Antes de se rotular Kant como conservador e ao fazer isso, jogá-lo na vala comum do

ranço monarquista que tentou barrar os processos revolucionários burgueses, deve-se

considerar todos os fatores que o levaram a adotar uma posição paradoxal, contrária ao direito

de resistência, no contexto do liberalismo.
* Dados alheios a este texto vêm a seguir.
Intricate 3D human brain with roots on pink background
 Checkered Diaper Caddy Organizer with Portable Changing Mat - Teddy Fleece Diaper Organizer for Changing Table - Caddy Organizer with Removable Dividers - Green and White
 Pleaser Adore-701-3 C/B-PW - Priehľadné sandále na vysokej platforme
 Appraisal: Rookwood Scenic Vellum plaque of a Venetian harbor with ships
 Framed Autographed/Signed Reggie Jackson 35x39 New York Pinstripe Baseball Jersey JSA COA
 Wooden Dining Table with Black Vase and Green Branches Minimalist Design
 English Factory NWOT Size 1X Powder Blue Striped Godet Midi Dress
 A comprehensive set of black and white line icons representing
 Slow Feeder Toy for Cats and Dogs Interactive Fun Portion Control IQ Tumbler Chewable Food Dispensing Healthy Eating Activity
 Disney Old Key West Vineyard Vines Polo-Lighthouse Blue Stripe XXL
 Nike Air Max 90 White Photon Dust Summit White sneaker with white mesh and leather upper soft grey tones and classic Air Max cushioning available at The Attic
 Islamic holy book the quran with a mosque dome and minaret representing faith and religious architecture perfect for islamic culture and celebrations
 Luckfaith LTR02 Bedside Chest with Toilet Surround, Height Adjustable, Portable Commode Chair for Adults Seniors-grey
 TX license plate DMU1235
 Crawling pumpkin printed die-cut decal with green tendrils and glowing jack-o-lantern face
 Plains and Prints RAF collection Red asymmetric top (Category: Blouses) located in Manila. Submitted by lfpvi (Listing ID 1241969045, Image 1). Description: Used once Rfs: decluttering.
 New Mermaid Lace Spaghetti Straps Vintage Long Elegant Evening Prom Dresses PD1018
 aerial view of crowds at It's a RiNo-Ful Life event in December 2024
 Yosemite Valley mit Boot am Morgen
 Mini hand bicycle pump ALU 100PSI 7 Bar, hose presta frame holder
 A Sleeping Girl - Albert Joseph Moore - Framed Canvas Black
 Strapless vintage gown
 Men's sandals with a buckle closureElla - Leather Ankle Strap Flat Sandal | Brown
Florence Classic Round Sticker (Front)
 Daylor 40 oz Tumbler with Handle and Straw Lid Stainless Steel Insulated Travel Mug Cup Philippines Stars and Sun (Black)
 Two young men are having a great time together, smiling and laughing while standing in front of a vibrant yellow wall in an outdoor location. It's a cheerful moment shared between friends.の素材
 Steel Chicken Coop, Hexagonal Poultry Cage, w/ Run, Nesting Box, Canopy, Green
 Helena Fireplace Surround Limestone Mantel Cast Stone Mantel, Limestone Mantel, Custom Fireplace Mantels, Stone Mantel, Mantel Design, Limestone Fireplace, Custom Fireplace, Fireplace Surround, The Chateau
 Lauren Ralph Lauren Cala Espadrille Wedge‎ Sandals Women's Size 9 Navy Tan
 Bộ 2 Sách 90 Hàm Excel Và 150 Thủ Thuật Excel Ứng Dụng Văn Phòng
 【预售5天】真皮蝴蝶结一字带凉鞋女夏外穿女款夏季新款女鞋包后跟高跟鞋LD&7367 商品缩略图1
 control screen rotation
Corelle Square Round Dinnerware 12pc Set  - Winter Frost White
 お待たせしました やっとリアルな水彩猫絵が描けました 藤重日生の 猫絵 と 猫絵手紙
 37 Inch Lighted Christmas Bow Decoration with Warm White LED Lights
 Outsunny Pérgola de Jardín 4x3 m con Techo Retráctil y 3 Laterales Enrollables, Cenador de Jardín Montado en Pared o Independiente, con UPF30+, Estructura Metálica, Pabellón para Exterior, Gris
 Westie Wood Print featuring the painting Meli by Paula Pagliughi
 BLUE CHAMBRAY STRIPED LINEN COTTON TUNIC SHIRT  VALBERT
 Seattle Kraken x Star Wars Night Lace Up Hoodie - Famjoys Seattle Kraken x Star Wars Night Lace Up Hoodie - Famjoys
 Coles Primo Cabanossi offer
Ainda que se ignorassem todos os outros

empecilhos lógico-teóricos apresentados durante a pesquisa para o reconhecimento de um

direito à revolução, tal vedação poderia ser mantida tão somente com base nesses dois

elementos antes descritos: há um alto risco de insucesso em um processo revolucionário, seja

porque não se completou seu intento, seja porque fez nascer um regime semelhante ao

anterior; e ainda que seja frutífero, tal agitação social tem um custo inaceitável a ser pago pelo

bom resultado.

Portanto, Kant é o filósofo da liberdade e todas as suas posições são em vista da defesa

da aplicação deste conceito na vida dos homens, seja em perspectiva ética (em sentido

estrito), seja em perspectiva jurídica (com relação ao Direito). No âmbito do Direito e da

Política, por insistir na possibilidade da existência de um Estado defensor das liberdades

individuais, isto é, por defender um Estado liberal, Kant se esforça por conciliar lei e

liberdade, conforme se verifica constantemente em sua filosofia prática. Neste sentido, a

negação do direito de resistir não é uma postura que Kant toma porque não se preocupa com a

justiça, mas é uma postura que revela seu otimismo na possibilidade de conciliar as leis com a

justiça, isto é, de aproximar o direito positivo do direito natural. Todavia, mesmo sendo

otimista, Kant se dá conta da realidade e constata que nem sempre as leis do Estado serão

protetoras da liberdade. É essa a principal razão, porque Kant defende a possibilidade dos

indivíduos se manifestarem e contribuírem em vista da melhoria das leis, por meio de um

mecanismo que ele denomina‘resistência negativa’, e não pelo recurso à revolução.